Çalışanlar iş yerlerindeki risk değerlendirme raporuna bakabilir mi? Hocaoğulları: İsteyebilir; Çakır: Görmesine izin verilmez

Depremin ardından herkes evlerin depreme sağlamlığını düşünüyor. Peki günümüzün önemli bir kısmını geçirdiğimiz iş yerlerinin depreme dayanıklı olup olmadığını nasıl bileceğiz? Bu konudaki haklarımız neler? Hocaoğulları ve Çakır cevapladı

Büyük bir depremin gündüz saatlerinde olması halinde işyerleri de ciddi risk içeriyor

Gerek 17 Ağustos 1999 Gölcük gerekse 6 Şubat 2023 Pazarcık depreminin gece saatlerinde olması büyük depremlerin genellikle insanların evlerinde olduğu akşam ve gece saatlerinde olduğu yönünde yanlış bir algının da halk arasında yerleşmesine neden oldu.

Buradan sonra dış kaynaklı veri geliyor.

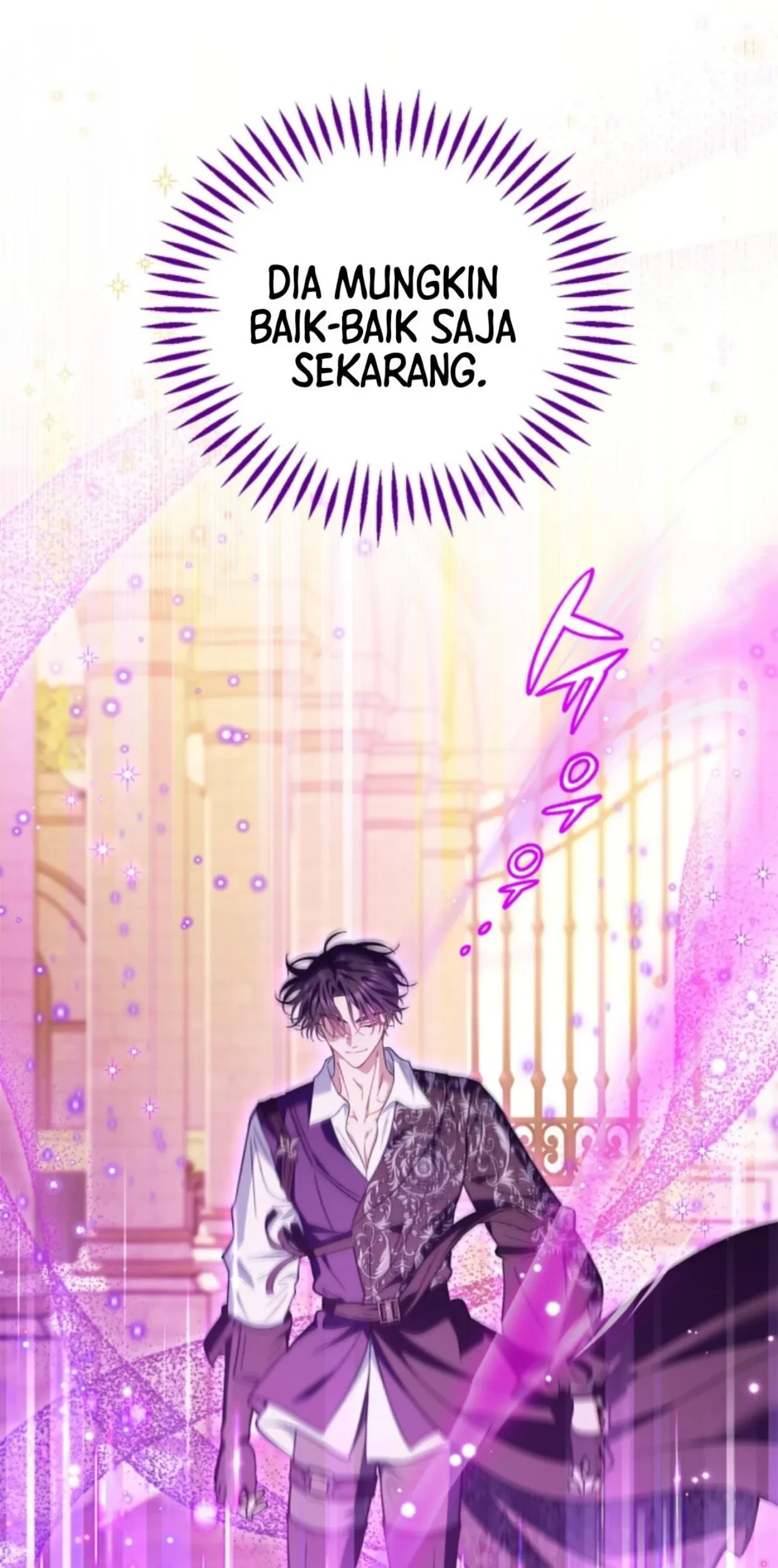 I Will Become the Villain’s Poison Taster Chapter 38 Gambar 90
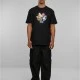 Тениска Coral Oversize Tee black XXL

Biraz da bu algının etkisiyle depremle ilgili yapılan yorumlar çoğunlukla evlerin bulunduğu binaların sağlamlığına yönelik oluyor.

Oysa birçok insan gündelik yaşamlarının ciddi bir kısmını iş yerlerinde geçiriyor.

Kimi iş yerlerinde bir binada yaşayan insandan daha fazla kişi saatlerce bir arada bulunuyor.

Dolayısıyla işyerlerinin bulunduğu yerlerin depreme dayanıklı olması da oldukça önem arz ediyor.

Buna karşın kolon kesimi gibi sorunların en çok yaşandığı yerler iş yerleri oluyor.

Örneğin İzmir depreminde yıkılan bir binanın, altındaki marketteki kolonun kesilmesinden dolayı çöktüğü anlaşılmıştı.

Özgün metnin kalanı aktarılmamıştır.